Über das Buch: Bei seinem Versuch, den Liberalismus auf die Höhe der Zeit zu bringen, versucht Christoph Möllers, Formen einer Ordnung herauszupräparieren, die Bewegungsfreiheit und soziale Varianz ermöglicht. So gerüstet, verspricht er keine Antworten, aber neue Perspektiven auf diverse Phänomene wie die Funktion territorialer Grenzen. Freiheit, so Möllers, ist eine Praxis der Ergebnisoffenheit, die Prozesse ermöglicht, von denen unklar sein muss, wohin sie führen.
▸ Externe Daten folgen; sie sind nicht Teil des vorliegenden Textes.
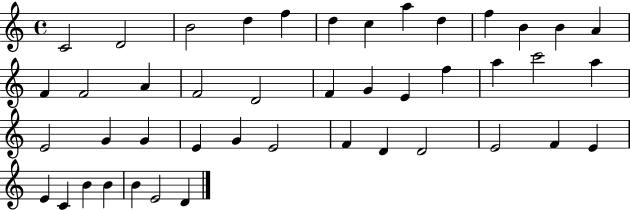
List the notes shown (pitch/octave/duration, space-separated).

C4/h D4/h B4/h D5/q F5/q D5/q C5/q A5/q D5/q F5/q B4/q B4/q A4/q F4/q F4/h A4/q F4/h D4/h F4/q G4/q E4/q F5/q A5/q C6/h A5/q E4/h G4/q G4/q E4/q G4/q E4/h F4/q D4/q D4/h E4/h F4/q E4/q E4/q C4/q B4/q B4/q B4/q E4/h D4/q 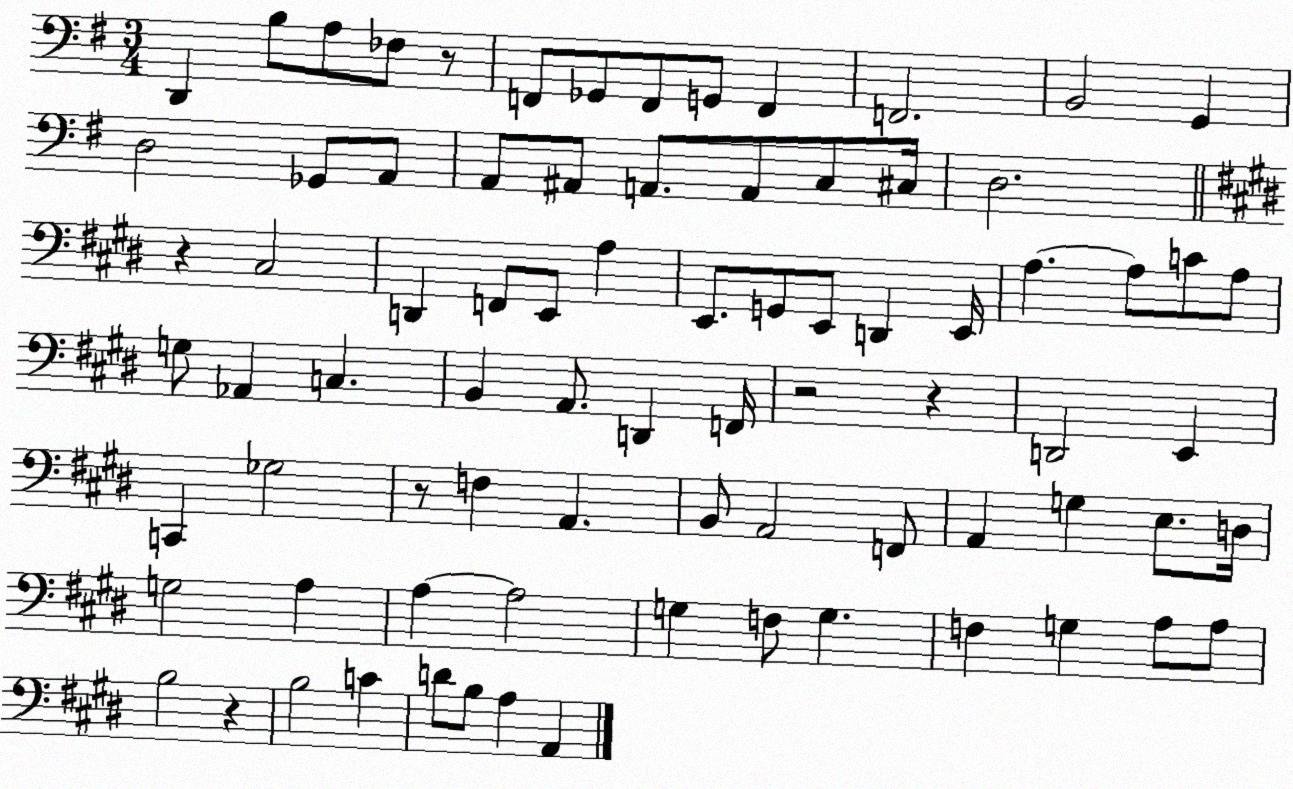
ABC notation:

Jurybegründung: Christoph Möllers analysiert die Abstufungen des Freiheitsbegriffs und nennt sie Freiheitsgrade. Seine Philosophie des Rechts schließt Überlegungen dazu ein, wie das Recht ausgelegt wird und welche Folgen das hat. Bravourös und fundiert erinnert Möllers an den demokratischen Kontext von Rechtsauffassung und daran wie Freiheit wirkt, d. h. Freiheit ist nicht naturgegeben, sondern immer schon ein Phänomen der gesellschaftlichen Zuweisung. Wo bleibt die Individualität? Wie kann der Liberalismus funktionieren? Möllers plädiert für eine Neubestimmung des Liberalismus, denn allein diese Neujustierung kann sich den Herausforderungen der Zukunft im Hinblick auf soziale Gerechtigkeit und ökologische Perspektiven stellen. Eine starke These für eine notwendige und dringliche Debatte.

Leseprobe: Der Umgang mit dem Begriff Liberalismus ist auch deswegen schwierig, weil er nicht nur historisch, sondern auch kulturell, sowohl diachron als auch synchron, so verschieden gebraucht wird. Richten sich die rechten Kritiker des Liberalismus ebenso gegen amerikanische Linke, die sich »liberals« nennen, wie gegen neoliberale Ökonomen, gegen Bernie Sanders wie gegen Friedrich August von Hayek? Teilen diese beiden gehaltvolle politische Inhalte?

Her damit!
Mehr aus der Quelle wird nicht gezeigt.